### WHAT IS BEING ASKED:
Only the lines from the one containing "Kington Times Saturday" to the end of the data below belong in the answer, each repeated exactly; no pictures.

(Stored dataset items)

※

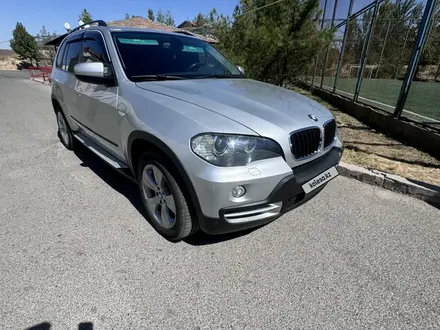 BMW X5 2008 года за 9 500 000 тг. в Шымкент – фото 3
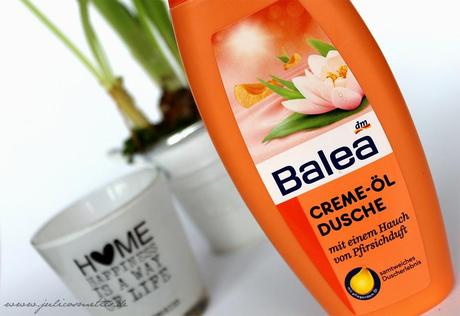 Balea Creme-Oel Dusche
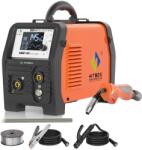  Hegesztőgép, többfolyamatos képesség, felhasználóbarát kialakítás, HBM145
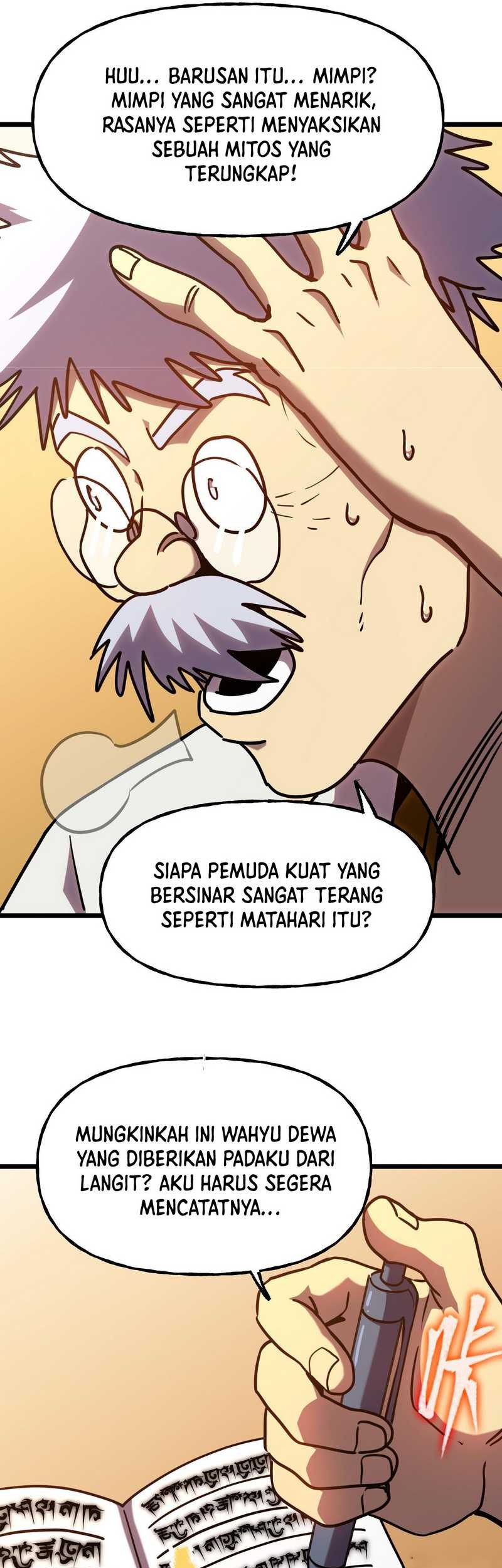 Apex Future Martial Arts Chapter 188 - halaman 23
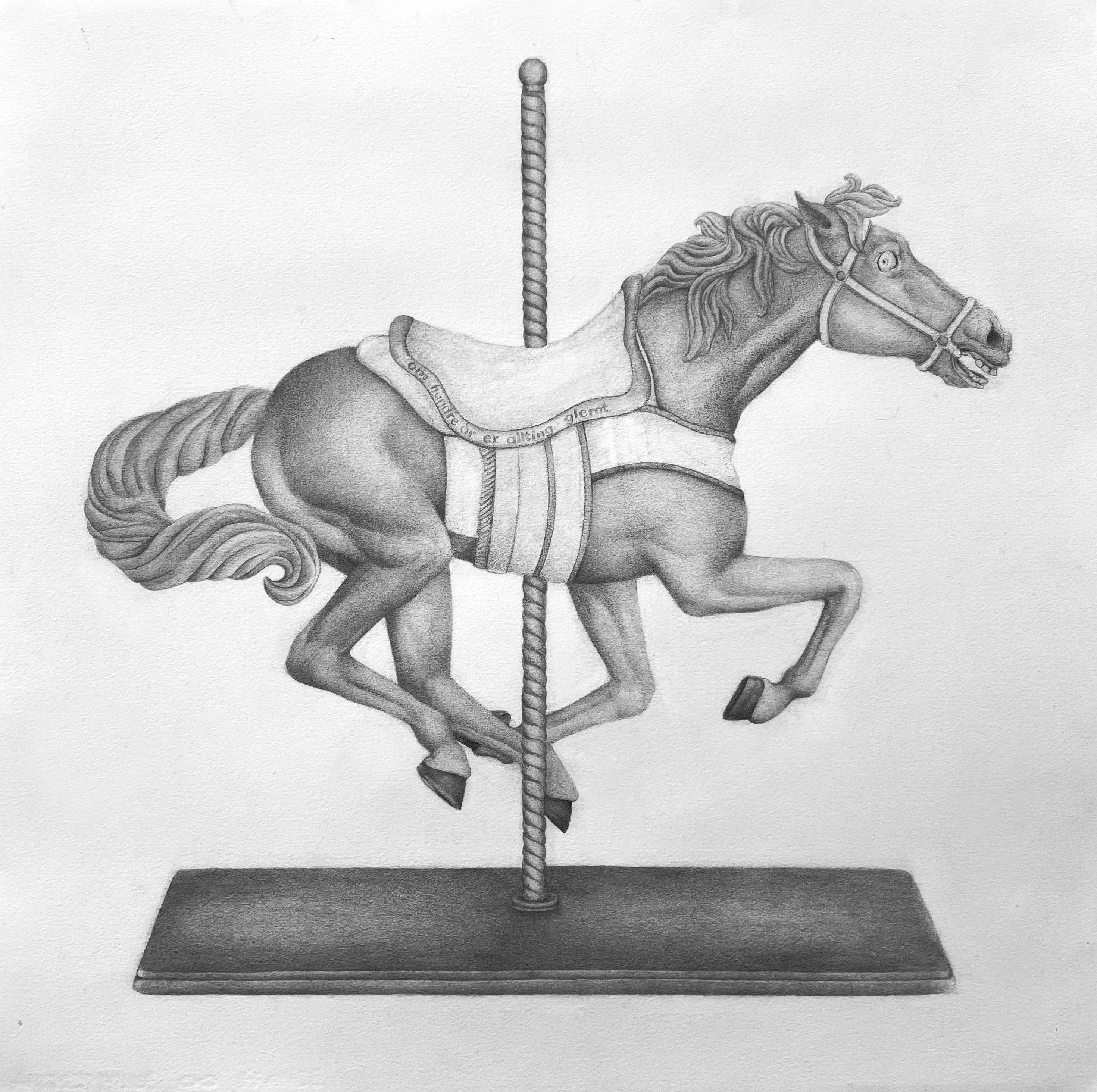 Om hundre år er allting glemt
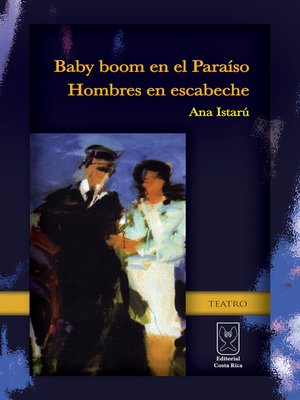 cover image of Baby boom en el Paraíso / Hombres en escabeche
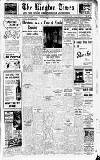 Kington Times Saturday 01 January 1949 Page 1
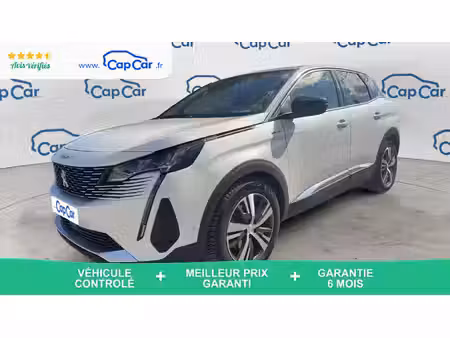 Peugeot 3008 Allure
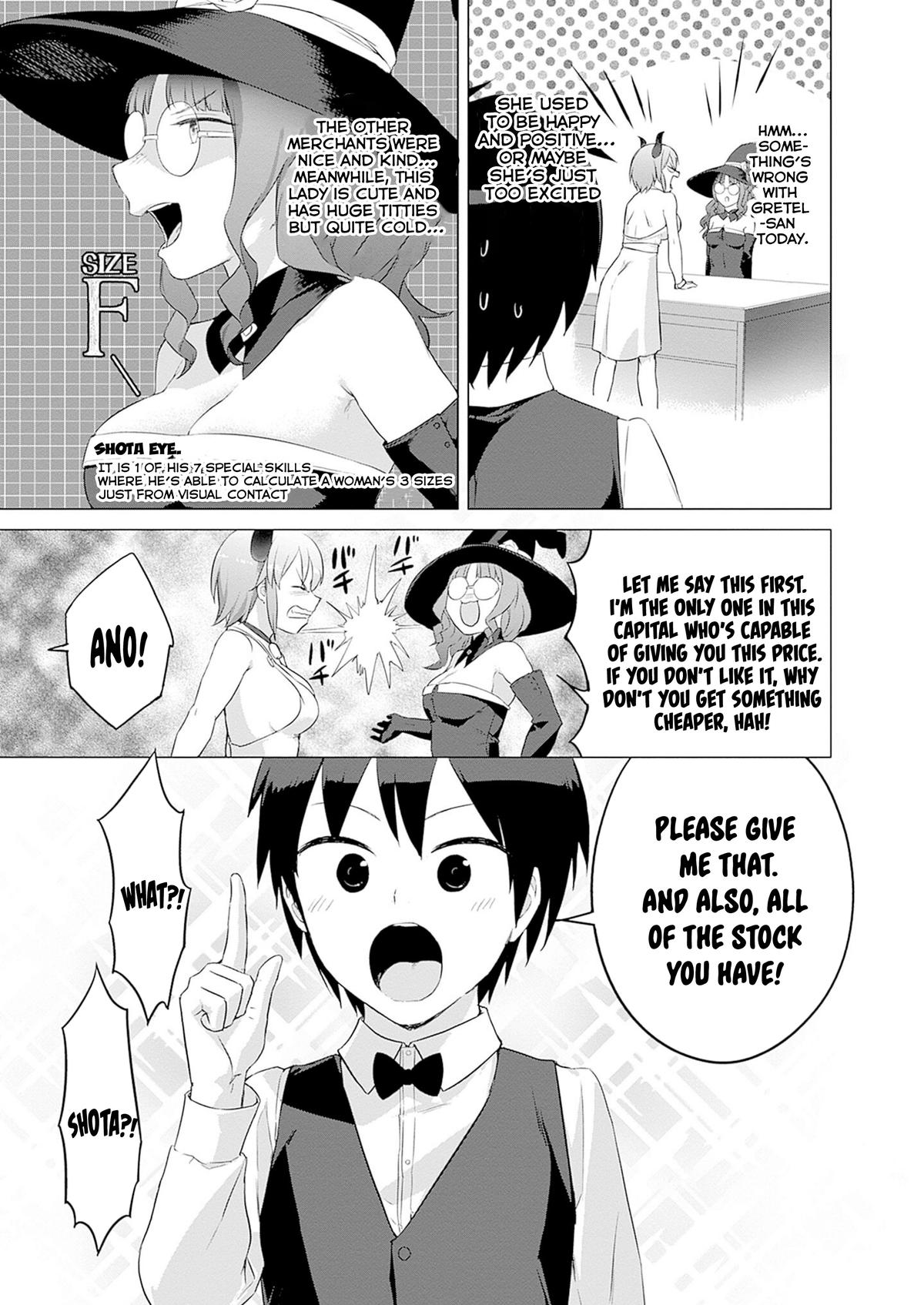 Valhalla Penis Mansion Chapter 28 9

※

### OUTPUT:
 Kington Times Saturday 01 January 1949 Page 1
 Peugeot 3008 Allure
 Valhalla Penis Mansion Chapter 28 9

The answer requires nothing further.